Patient age, gender, and comorbidity data were collected at the index hospitalization. Comorbidity information included the Charlson Comorbidity Index,7 the Elixhauser Comorbidity Index,8 and a primary or secondary diagnosis (based on ICD-9 or ICD-9-CM codes) of congestive heart failure, peripheral arterial disease, acute coronary syndromes, hyperthyroidism, obesity, diabetes, hypertension, ischemic or hemorrhagic stroke, noncentral nervous system systemic embolism, transient ischemic attack, catheter ablation, dyspepsia, or preperiod VTE (see eAppendix B). The preperiod began 180 days before the index event (date of hospital admission).
Outcomes were analyzed according to whether or not patients received any anticoagulant prophylaxis prior to VTE or true VTE diagnosis. In addition, the following prophylactic treatment groups were identified: low molecular weight heparin (LMWH) only; warfarin only; unfractionated heparin (UFH) only; fondaparinux; LMWH + warfarin; UFH + warfarin. The drug use observation period was defined as time from admission for the index hospitalization until 30 days after index hospital discharge.
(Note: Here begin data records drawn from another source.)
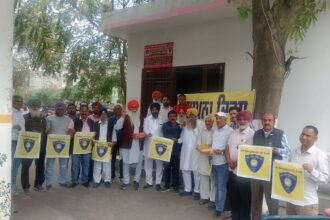 ਪੰਜਾਬ ਨੰਬਰਦਾਰ ਯੂਨੀਅਨ ਦਾ ਜਲੰਧਰ ਤਹਿਸੀਲ ਕੰਪਲੈਕਸ ਵਿਖੇ ਮਨਾਇਆ ਗਿਆ 45ਵਾਂ ਸਥਾਪਨਾ ਦਿਵਸ, ਵੰਡੇ ਗਏ ਲੱਡੂ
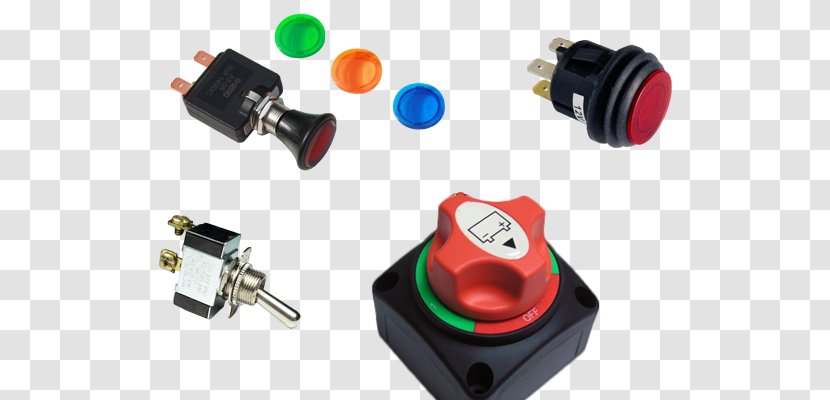Electrical Connector Product Wires & Cable AC Power Plugs And Sockets Vendor - Electronic Component - Momentary Rocker Switch Transparent PNG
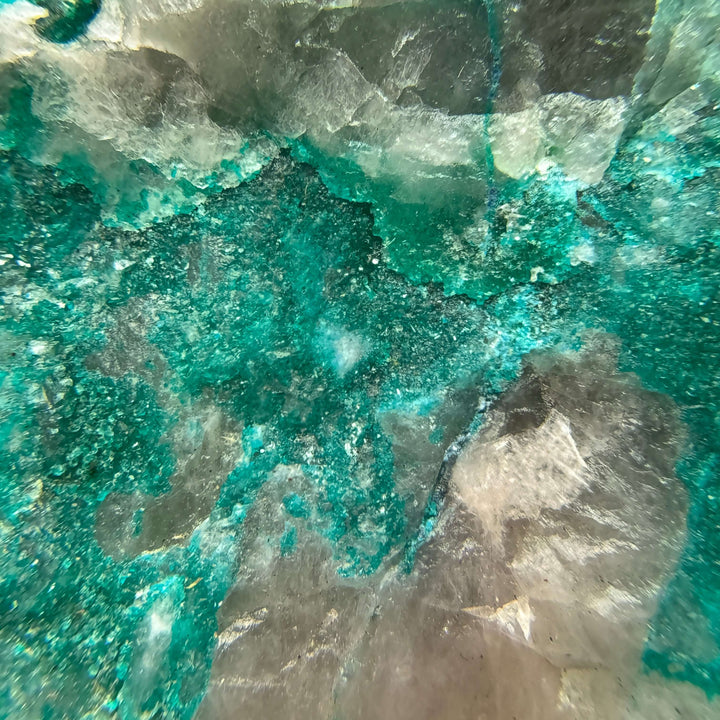 Quartz w/ Dioptase - Namibia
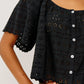 MILLER S/S EYELET TOP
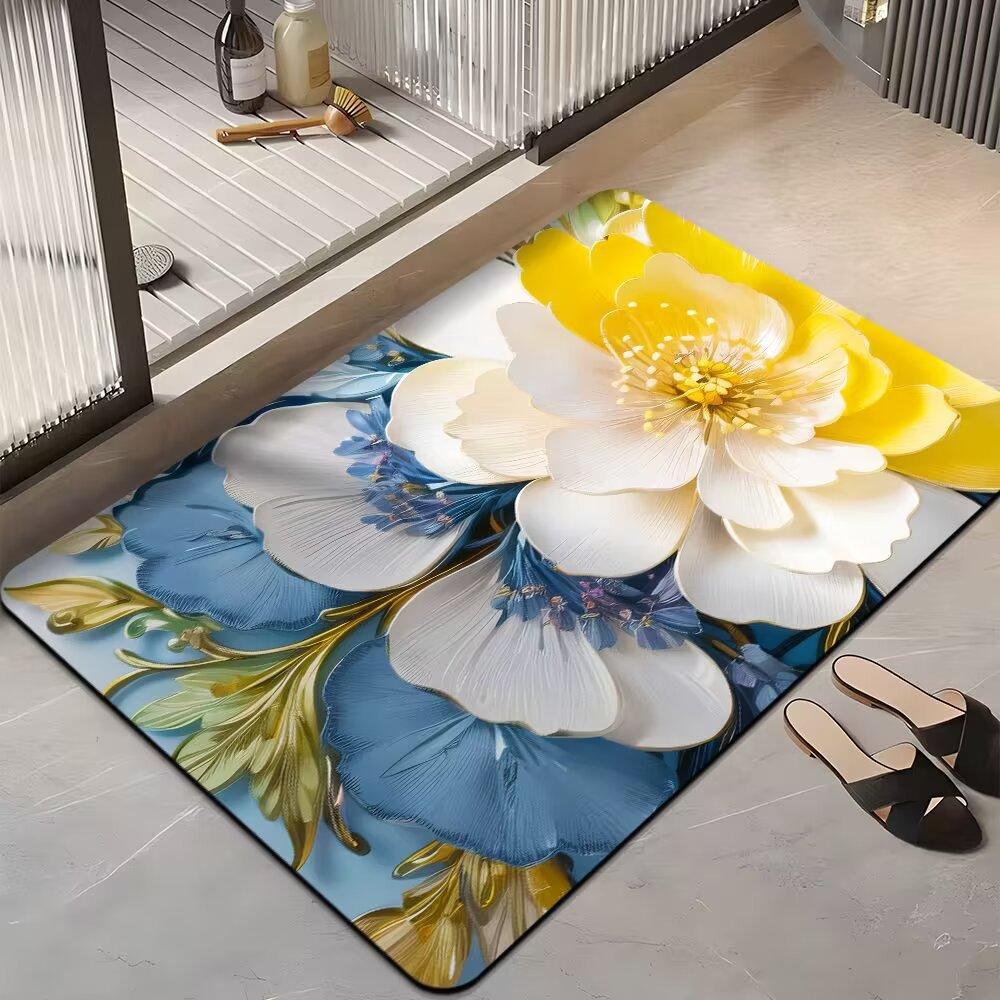Bathroom Quick-drying Door Mat Diatom Mud Absorbent Floor Mat Toilet Toilet Entry Door Non-slip Mat Diatomaceous Earth Foot Mat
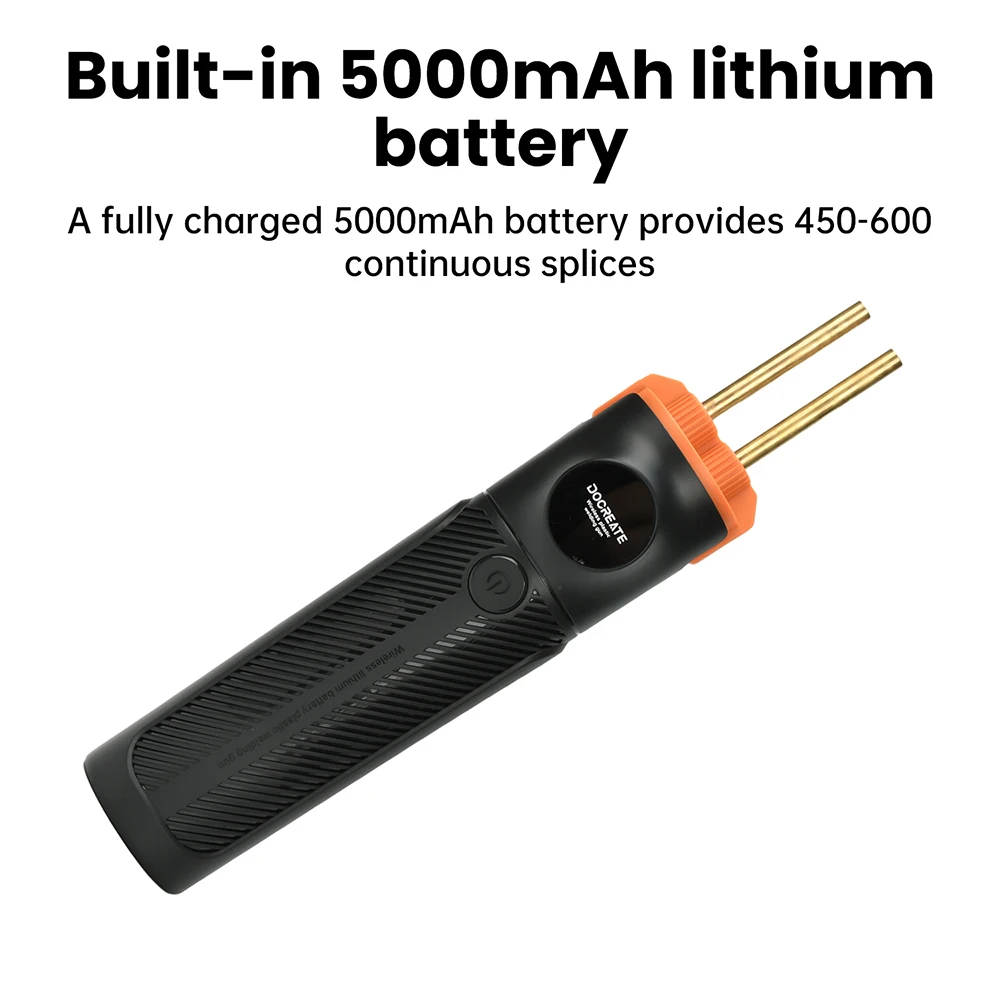 Kabelloser Kunststoffschweißer mit 5000mAh Lithium-Akku, Kunststoffschweißmaschine, 200 Nadeln, Schweißpistole Typ C für Kunststoffe – Detail 10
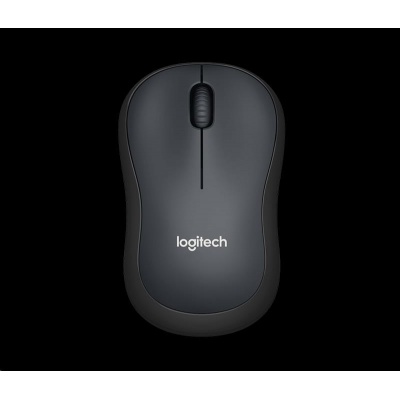 Logitech Wireless Mouse M220 Silent, black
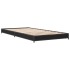 Estructura de cama madera de ingeniería y metal negra 75x190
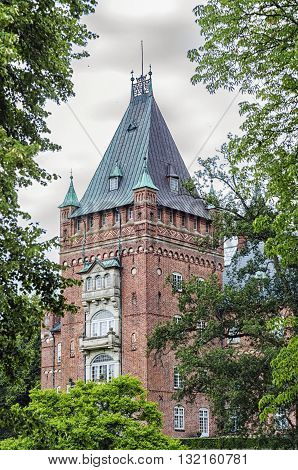 The historic Trollenas castle situated near to the swedish town of Ekeby.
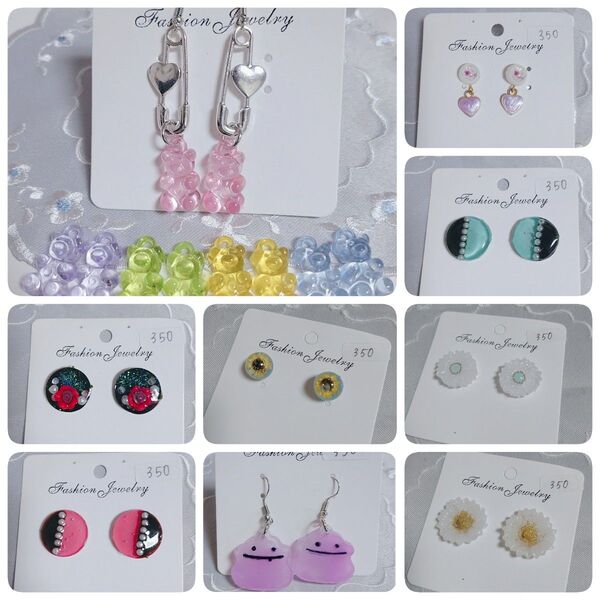 350円商品 ハンドメイド ピアス イヤリングハンドメイド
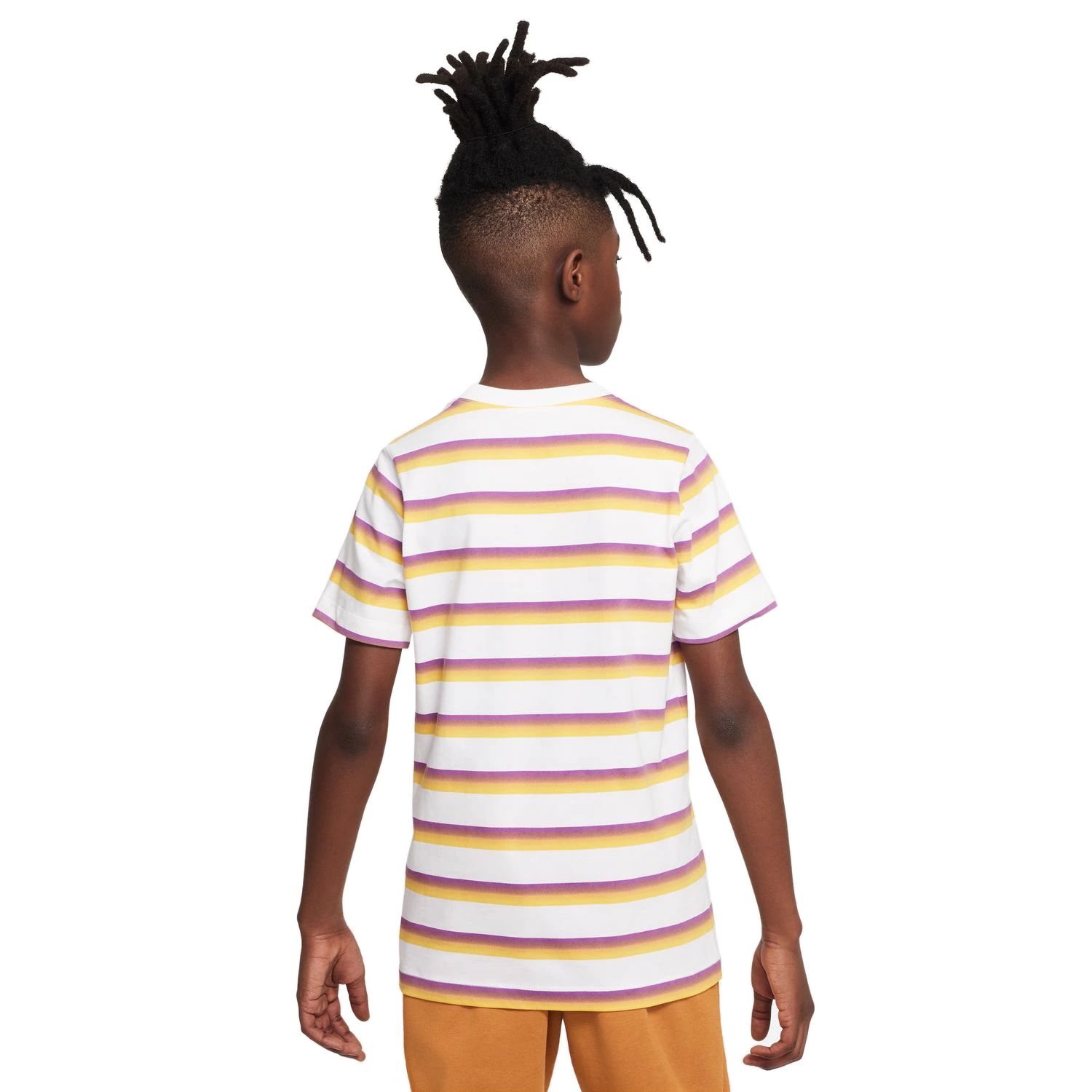 Полосатая футболка Nike Sportswear для мальчиков 8–20 лет Nike, белый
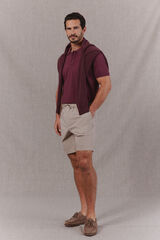 Conjunto de bermuda e polo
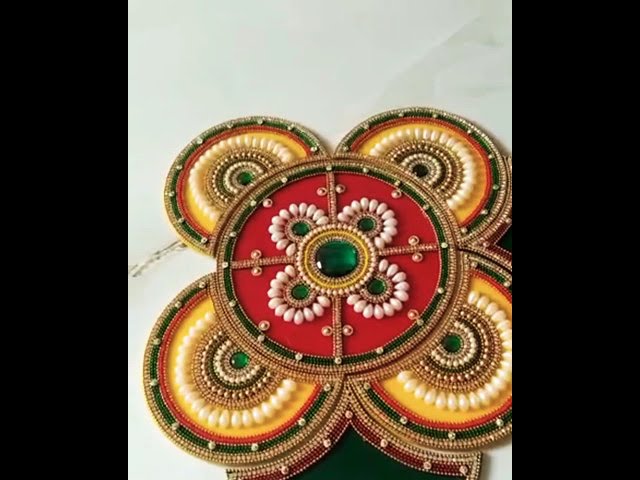 Kundan rangoli design by art with creativity - video 2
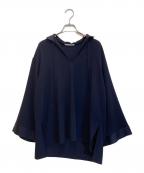 GALERIE VIEギャルリーヴィー）の古着「バックサテンアムンゼン カフタンプルオーバーブラウス」｜ネイビー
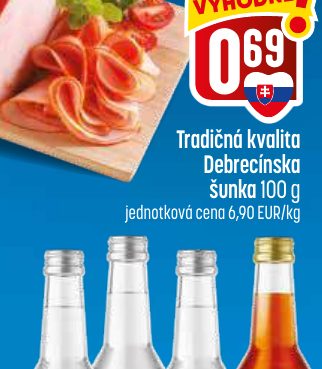 Tradičná kvalita Debrecínska šunka 100 g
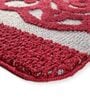 Maroon Traditional Microfibre 19x27 Inches AntiSkid (Set of 2) Bath Mats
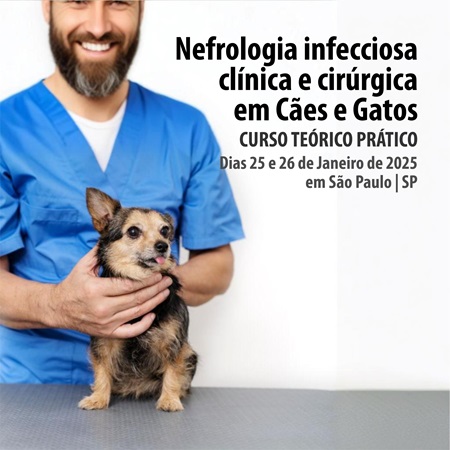 Nefrologia infecciosa clínica e cirúrgica em Cães e Gatos - CURSO TEÓRICO PRÁTICO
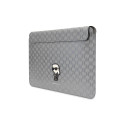 Karl Lagerfeld Saffiano Monogram Ikonik case for a 14" laptop - silver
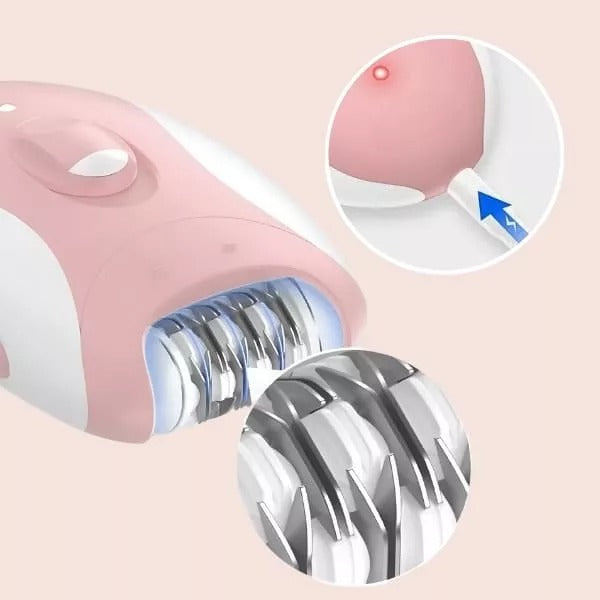 Electric Women's Epilator – Facial & Body Hair Remover for Bikini Legs Arms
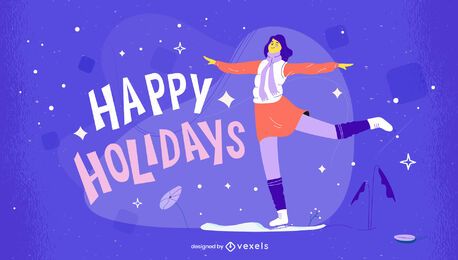 Felices fiestas navidad ilustración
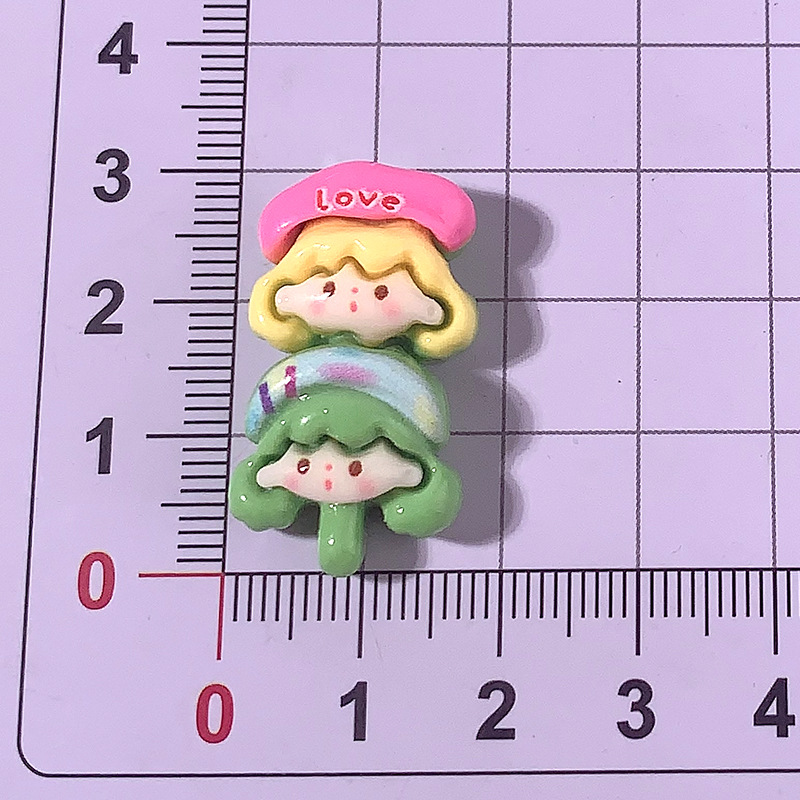 Nuevos dibujos animados cadena de animales cadena didiy accesorios de resina crema pegamento para el cabello clip de cabello botones de zapatos caso de teléfono móvil material hecho a mano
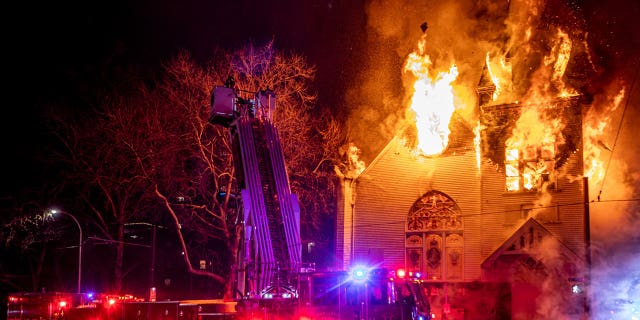 Portland Fire & Rescue response to Old Portland Korean Church blaze.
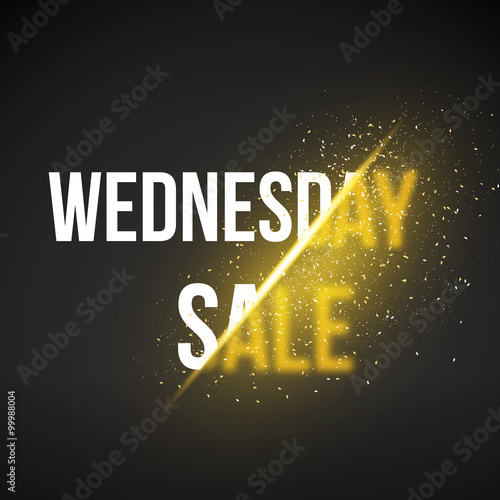 Wednesday Sale Energy Explosion Concept Vector Illustration. Wee
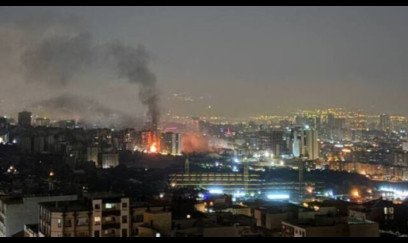 Bu gecə İranın böyük şəhərləri bombalandı - VIDEO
All outcomes were measured from the index admission date up to 180 days postdischarge or death, whichever occurred first. These outcomes were: the number of VTE and true VTE events; time to the VTE event; length of hospital stay (calculated at patient level); the number of major or minor bleeding events using ICD-9-CM codes (see eAppendix C); the number of patients readmitted for true VTE within 30, 90, and 180 days after index hospital discharge, based on subsequent hospital admission diagnosis of true VTE, or primary or secondary diagnosis of true VTE within 1 to 2 days of subsequent hospital admission; the number of patients readmitted with major bleeding within 30, 90, and 180 days after index hospital discharge, based on subsequent hospital admission diagnosis (primary or secondary) of major bleeding, or primary or secondary diagnosis of major bleeding 1 week before or 1 week after subsequent hospital admission; discharge status (ie, home, short-term hospital stay,
transfer to other facility, miscellaneous); and all-cause healthcare costs paid by the patient and health plan. These costs were computed for medical services (inpatient stay, emergency department visits, and ambulatory care, including physician visits and other outpatient services), pharmacy dispensing, and total combined costs. Prices were adjusted using the annual medical care component of the consumer price index to reflect inflation between the year of the claim and 2007.